I couldn't have said it better myself. Exploit the most talented group of runners in the world and then come across as the all knowledgable coach. Unfortunately many uneducated people on here will constantly flock to these coaches who have found the talent tthat will allow them to try to legitimize their methodologies.
1) maybe you should realize that when Athletics was popular in Italy, the italian coached achieved a lot of successes becuase they could work on good talents
(do you know Cova, Bordin, Baldini, etc ?)
Canova has explained already several times why now he focus on African runners...
2) it is not a case that Kenyan runners became unbeatable only after getting trained under foreign coaches (15 years ago...)
Go back and read what Renato was answering. I think you are drawing some wrong conclusions.
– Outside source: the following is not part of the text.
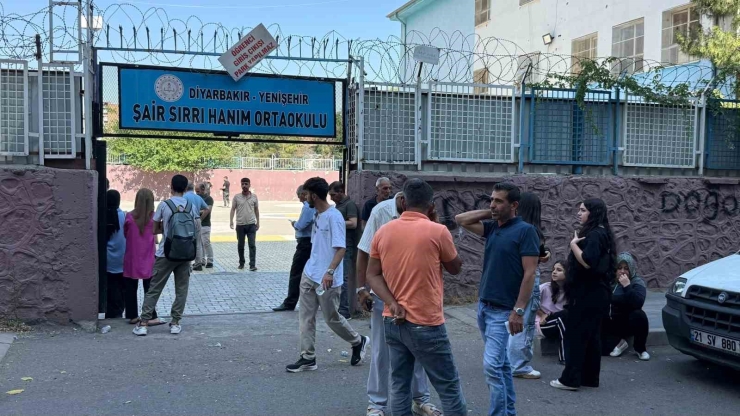 Diyarbakır’da Kimliğini Ve Giriş Belgesini Unutan Öğrenciler Son Anlarda Yetişti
Renato clarified the "letsrun.com" error, that he does not coach Geoffrey Mutai. In response to that, "another canuck" asked him about that, since Mutai seems to be following similar schedules and training.
Renato further clarified, answering "another canuck"'s direct question, how it is that many Kenyans can be following something like Canova's methods and schedule, while being "self-coached".
It is not an attempt to be demeaning, or take full credit for Kenyan success, which existed before 1998. Renato simply gives factual history, with names and dates, about training in Iten, to help understand how Mutai is "self-coached".
Why do you speak of "agents, sponsors, and managers", after Renato just emphasized he speaks of "coaching" and "training methodologies", and not of "managers"?
Brief history of Athletics in Kenya.
Like all African Countries, Kenya never had interest in Track and Field till the middle of the fifties.
African people were illiterate about sport. For that reason, the British government sent in 1957 one person for organising and creating interest in this activity.
This person was John Velzian, that was the first coach in Kenya. He gave the principle of training to Kipchoge Keino, Ben Jipcho and the other pioneers in Athletics. He organised also a strategy for creating basic facilities : the first track in Kenya (in the Training Center of Post, near Nairobi) was designed and measured by himself.
John Velzian can be considered the “teacher” for the Primary School of Athletics in Kenya.
After the Independence, for some year there was a good interest in Athletics, used as system for making the image of the Country well known in the World.
John Velzian continued to follow the Federation, looking at a global athletics. In the Olympic Games 1972, Kenya won medals not only with middle distance runners (Keino gold in steeple and silver in 1500, Jipcho silver in steeple), but with the relay 4x400, too.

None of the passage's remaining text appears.